Engineering a Record-Breaking Shoe
Like Lululemon, some of Nike’s most groundbreaking products are born in the company’s R&D lab. Take the ZoomX Vaporfly Next%, the shoe Eliud Kipchoge wore when he became the first person to run a marathon in under two hours.
Nike claims these shoes reduce energy loss by more than 4 percent, and although this sounds like marketing speak, independent researchers have confirmed that the Vaporfly, specifically the Zoom Vaporfly 4%, does seem to make runners faster.
The Vaporfly is the result of a special project run by the Nike Sport Research Lab, or NSRL, located at the company’s world headquarters in Beaverton, Oregon. Nike established the NSRL to gather data from top athletes like Kipchoge to improve its products. In an interview with Nike News, the company’s official news site, NSRL head Matthew Nurse said his team captures “an unbelievable amount of data” in each one of their studies.
“Take motion capture for example,” Nurse told Nike News. “We put markers on athletes and collect 200 frames per second and higher, and each one of those has three-dimensional coordinates from the athlete’s movements.

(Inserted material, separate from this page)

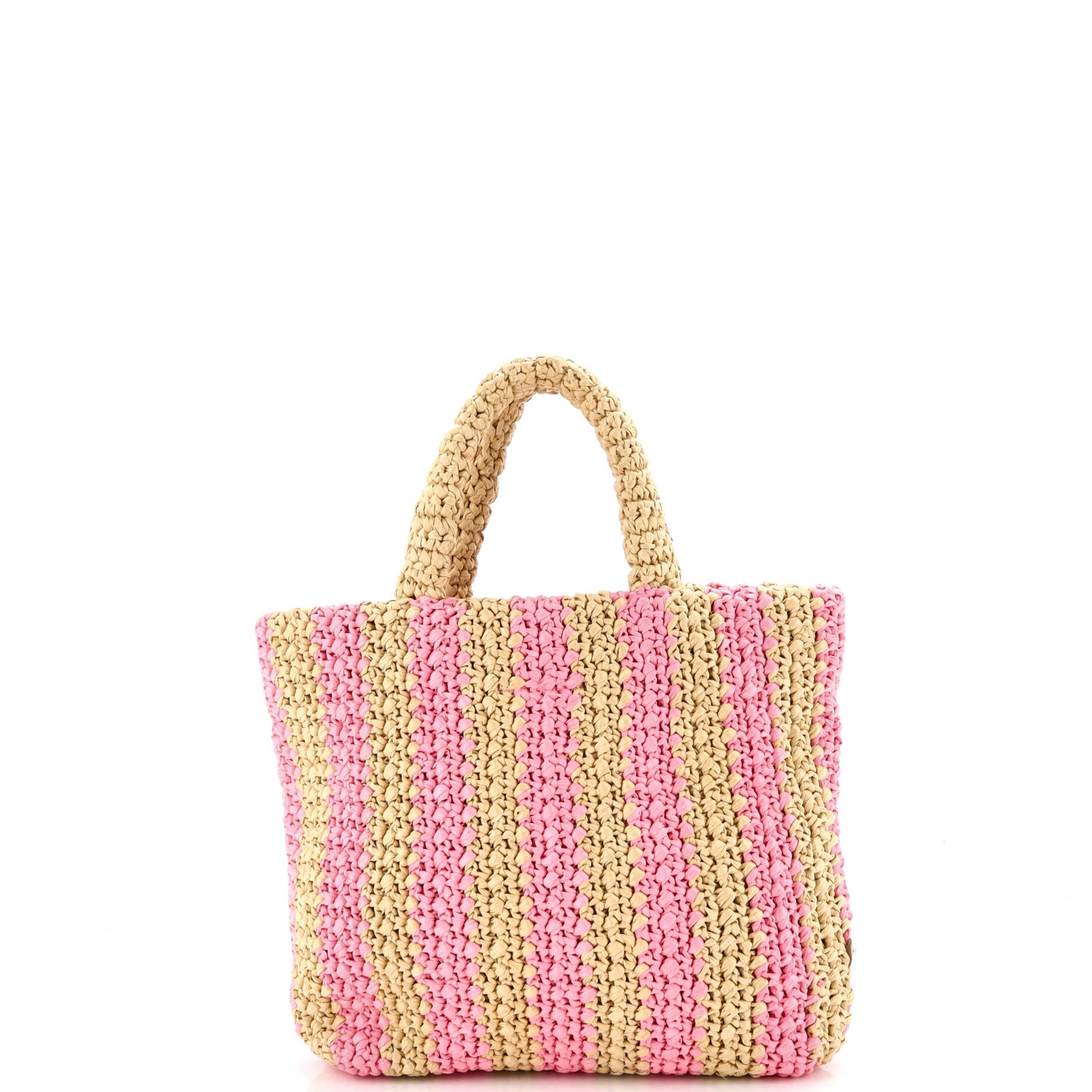 Logo Tote Raffia Small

Over the course of one particular study, we have, say, 10 subjects come in with two different shoes, or two different actions (running, jumping), and we end up with millions of data points that we need to capture and analyze.”

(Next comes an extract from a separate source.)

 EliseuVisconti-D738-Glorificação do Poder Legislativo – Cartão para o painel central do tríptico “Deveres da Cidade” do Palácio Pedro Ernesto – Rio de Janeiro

While the Vaporfly is an extreme example of the NSRL’s capabilities, the R&D team doesn’t just dedicate itself to moonshot projects. According to Nike, the NSRL gathers data from thousands of athletes a year through a series of 3D body scans and physical tests that measure everything from ankle and toe mobility to the amount of force generated from stationary jumping.
Nike said it uses this data to design clothing that fits athletes by sport — “medium” means one thing to a football player and another to a marathon runner — and engineer sport-specific shoes that aid performance and decrease the risk of injury.
Taking Action on Fitness Tracker Data
In 2017, Under Armour opened an R&D facility in Portland, Oregon, which is basically Nike’s backyard. (Beaverton is a 20-minute drive away.) The Portland team focuses on footwear design and development, working with athletes to gather performance data. Unlike their Nike counterparts down the road, Under Armour product designers also have a trove of consumer fitness data to tap into.
“You know their running pace, how far they go, how often they go. You literally know what brand of Greek yogurt they use.”
From 2013 to 2015, Under Armour went on an acquisition tear. In less than two years, the company spent more than $700 million on four fitness and diet-tracking apps, according to data from Crunchbase. The acquisitions of MapMyFitness, MyFitnessPal, Endomondo and Gritness gave Under Armour access to health and fitness data from more than 100 million people.
“There’s unbelievable data in there,” said Chief Strategy Officer Kevin Haley in a 2016 interview with Inc. “You know their running pace, how far they go, how often they go. You literally know what brand of Greek yogurt they use.”
In the interview, Haley told Inc. that data from MapMyFitness indicated the average length of a run was 3.1 miles, so Under Armour created a shoe, the Speedform Gemini, specifically designed for that distance. More recently, data scientists used MapMyFitness data sourced from the company’s line of connected shoes to see if runners with a higher body mass index wore out their shoes faster than those with a lower body mass (the results were inconclusive).
Lululemon, Nike and Under Armour provide a snapshot into the increasingly important role data is playing in the athletic apparel industry. In the future, it’s possible that consumer data sourced in-store and on fitness apps will enable athletic apparel companies to fine-tune the design of their products to the nth degree. Put another way, imagine a Lululemon store filled with sports bras designed for specific sports, or a section of Nike or Under Armour’s online shop where running shoes are sorted by max distance.